'unless otherwise directed'

petunia

::

31 jan 2007 :: 06:13pm

i own a lot of things.  like, a lot.  books clothes music purses groceries appliances i just have a lot of stuff.  i wonder what it is that compels to surround myself with so many possessions.  it seems contradictory that i don't consider myself to be materialistic.  maybe my concept of materialism is just off.  i don't covet a lot of fancy things or bust my ass to have things to brag about.  i just am more comfortable surrounded by stuff.

i've been trying to be thriftier with my book habits.  maybe that's not the most optimal place to develop better spending patterns, but it's been quite awhile since i have left B&N with a bulging handle bag.  i enjoy re-reading and have been trying to discipline myself into re-reading 4-5 books i already own before buying a (one) new one.  it seems to be working.  i enjoy old favorites and relish the selection and devouring of something new.

in my younger days (what, am i 80?) i was a bit of a library freak.  in the 80s when the world went plastic, my library card was always so cracked and worn that my mom gave me a little plastic case to keep it in.  as an adult i haven't been to the library in ages.  i don't even have a library card here in staunton, which is almost an embarassment to admit, not only as an avid reader, but as a reading specialist, for goodness' sake.
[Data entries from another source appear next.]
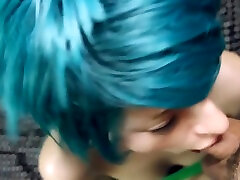 Yammy Blue-haired Vixen Deepthroat Tryouts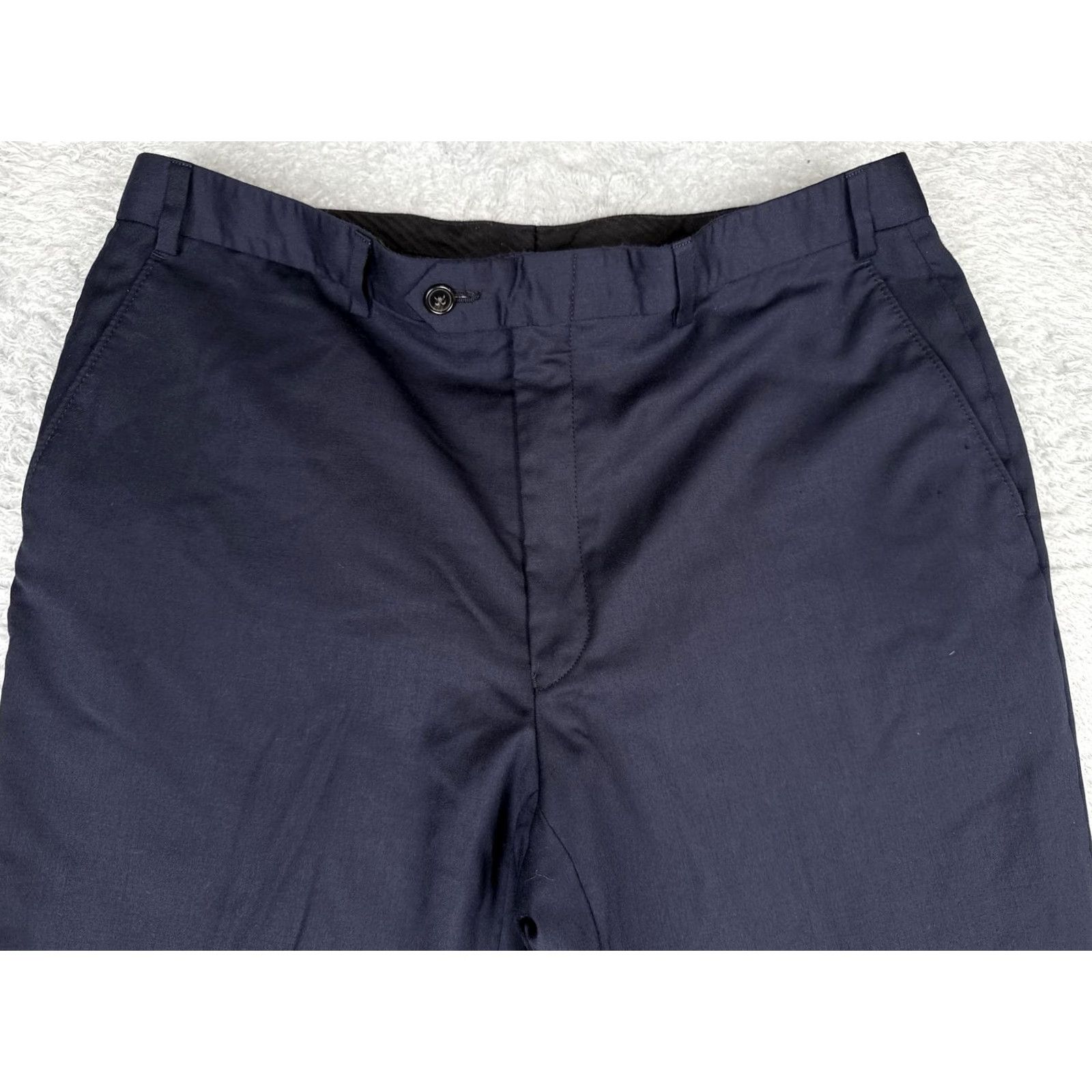 Ralph Lauren Ralph Lauren Pants Men 35x28 Blue Dress Flat Front Straight Leg Regular Size US 35 - 4 Thumbnail
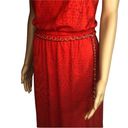 Cache  Strapless Red Orange Textured Slit Sides Belted Maxi Dress Womens Small Photo 3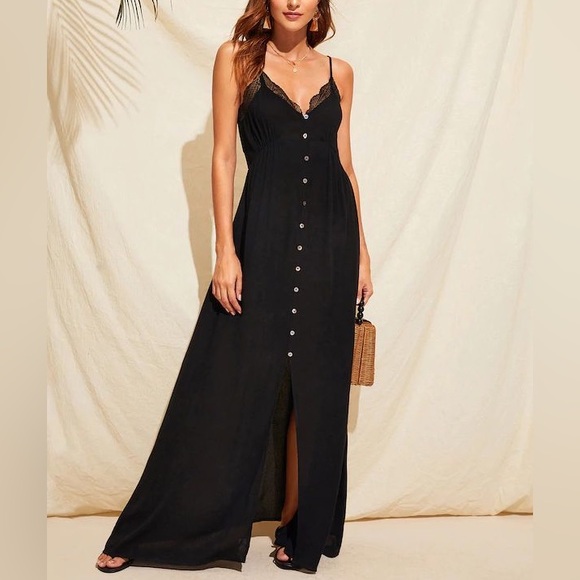 SHEIN Black Maxi Dress with Lace Trim - Picture 1 of 6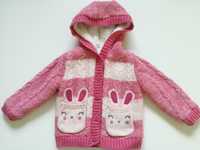 Ocieplany sweterek dziewczęcy królicze uszki Super stan 86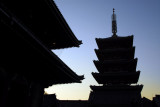 Silhouette of the Treasure House Gate and Sensō-ji pagoda
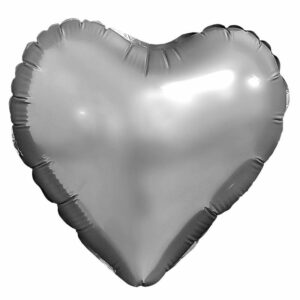 Аг 9 Сердце Серебро / 1 шт /, Фольгированный шар (РОССИЯ)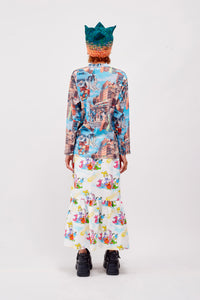 Cotton Printed Skirt / Alien White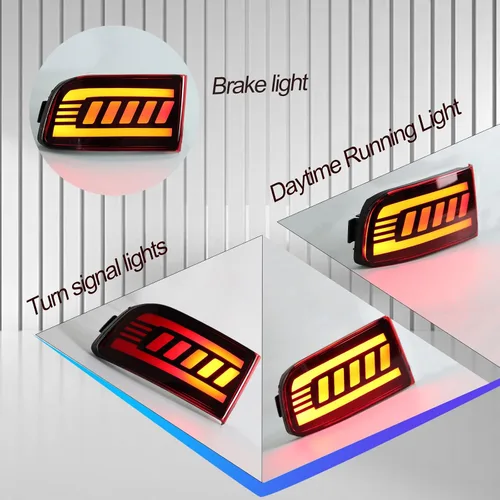 Vista 2 de Carcasa roja LED para parachoques trasero, reflector, antiniebla, DRL, kit de montaje para 2003-2005 4Runner 2002-2009 Land Cruiser Prado 120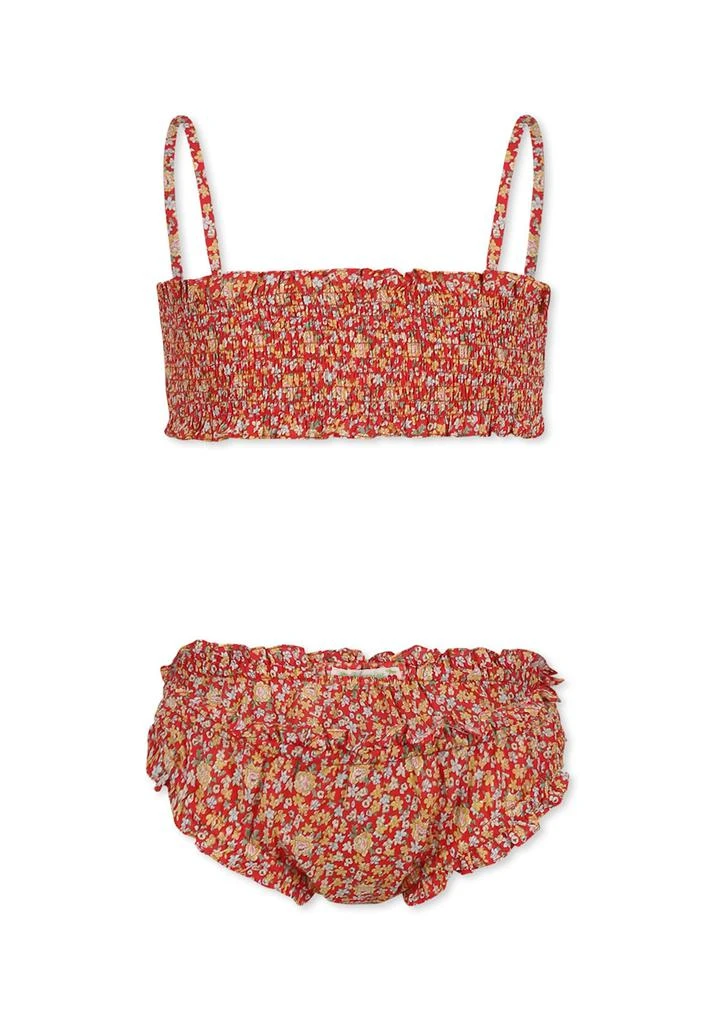 Bonpoint Red Bikini For Girl With Floral Print 1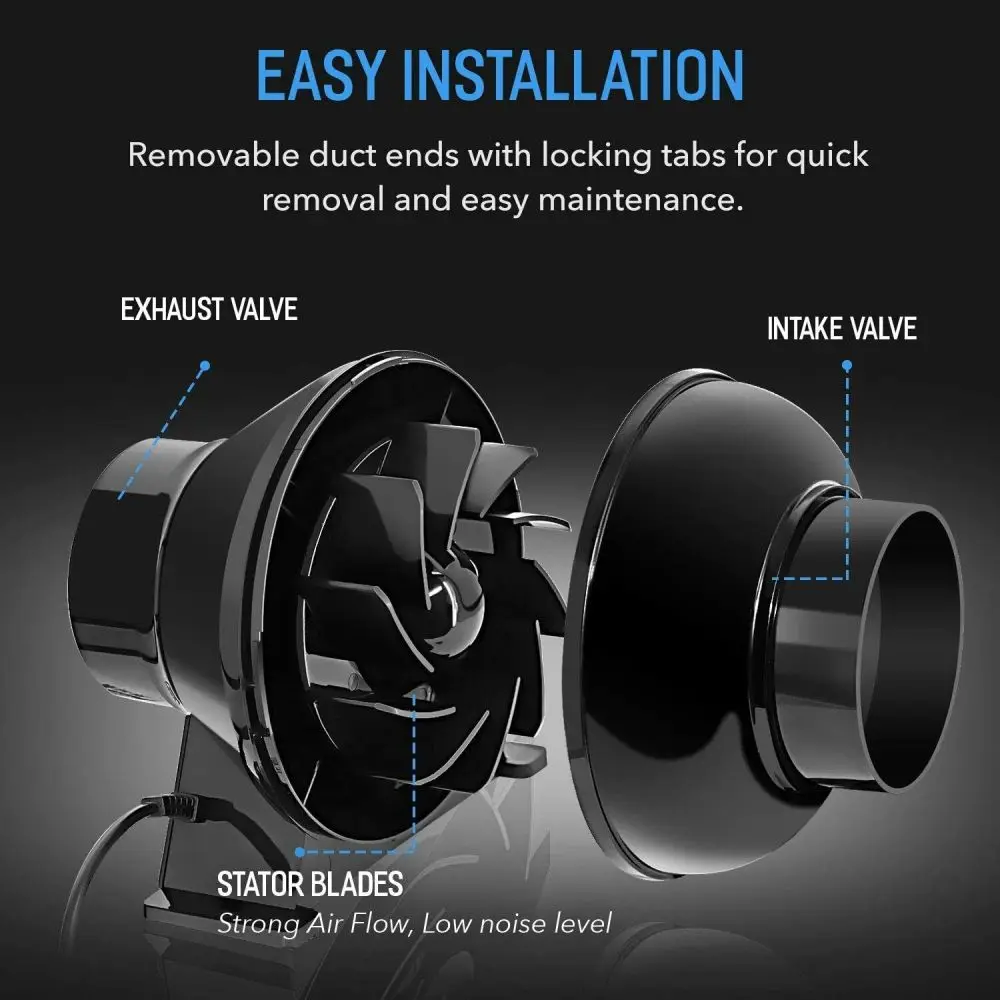 Inline Ventilação Fan, Circulação de Ar Vent, HVAC Exhaust Blower, crescer Tent, Estufas Porões, Cozinha, 195 CFM duto, 4"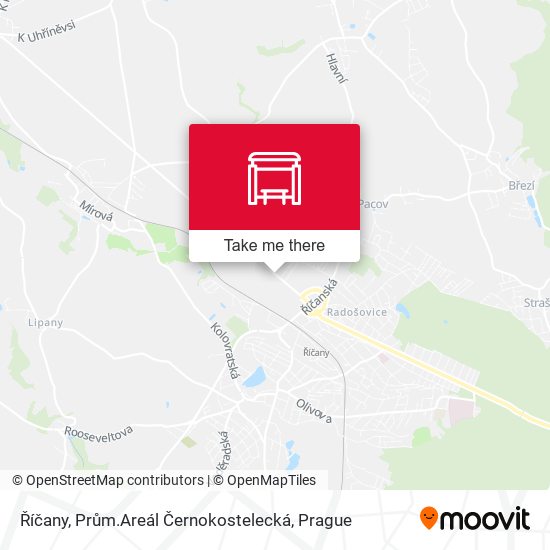 Říčany, Prům.Areál Černokostelecká map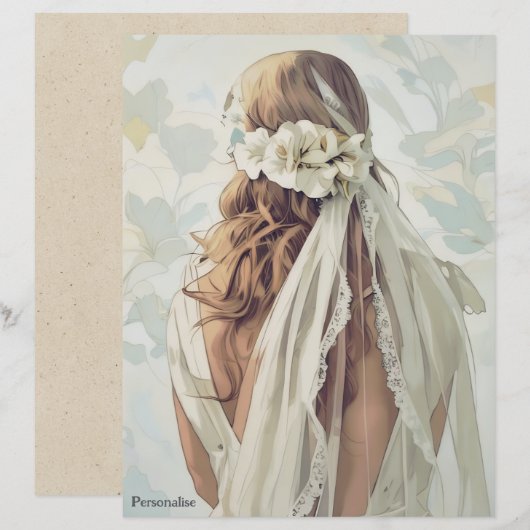 ヴィンテージ花嫁ホワイトフラワーズヴェイルスクラップブック紙 (正面/裏面)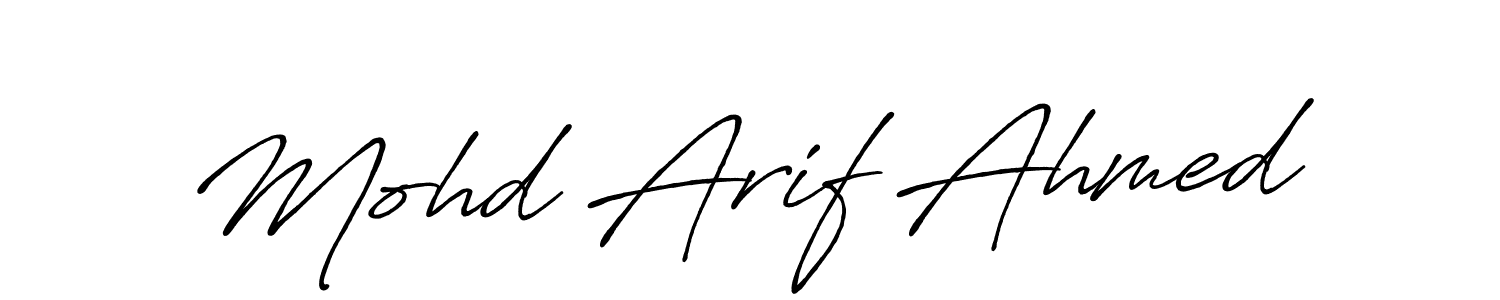 Design your own signature with our free online signature maker. With this signature software, you can create a handwritten (Antro_Vectra_Bolder) signature for name Mohd Arif Ahmed. Mohd Arif Ahmed signature style 7 images and pictures png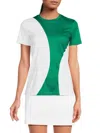 J. Lindeberg Women's W Big Spots Logo Tee In Green White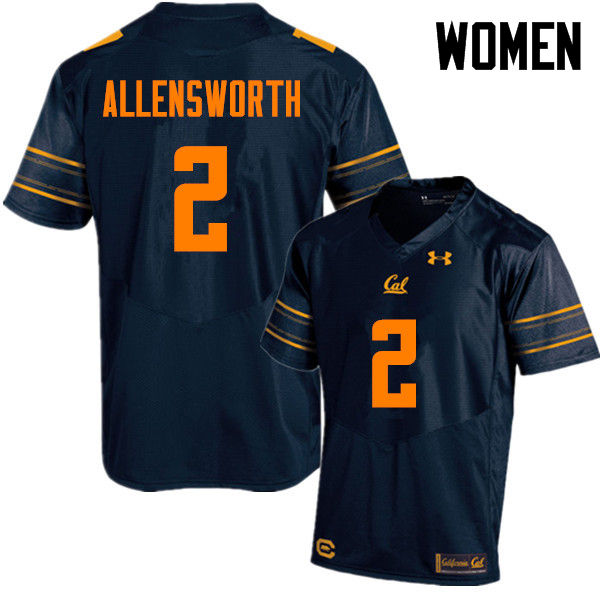 Women #2 Darius Allensworth Cal Bears (California Golden Bears College) Football Jerseys Sale-Navy - Click Image to Close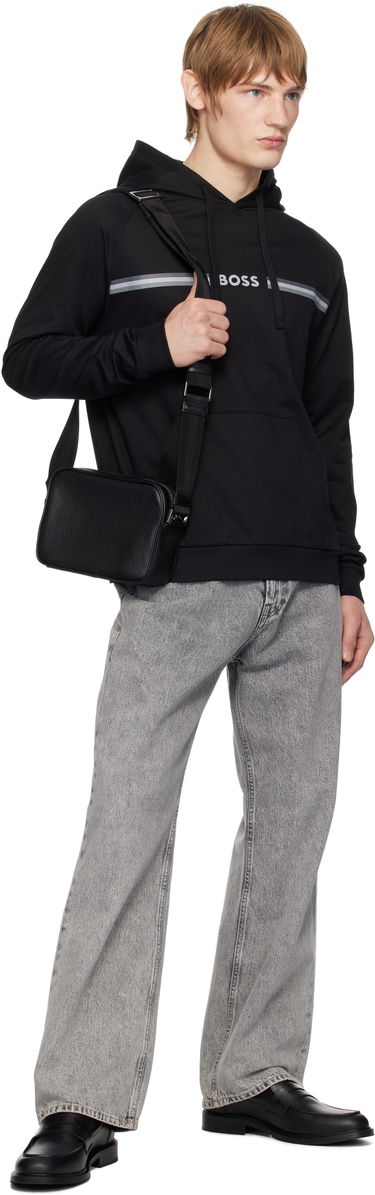 Taška cez rameno BOSS BOSS Embossed-Logo Leather Reporter Bag Čierna | 50536151, 3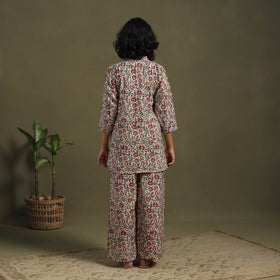 Beige Pedana Natural Dyed Block Print Kalamkari Co-ord Set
i am rough on books, though.  i almost always tote one with me in my purse (one of  the reasons necessitating my large-enough-to-smuggle-a-small-child bags).  i eat when i read, i take books to the gym, and they also accompany me into my beloved bubble baths.  my books rarely stay pristine.  i'd like to think that subconsciously i don't borrow books from the library because i wouldn't be able to treat them as well as i should, but somehow i'm just not that…good.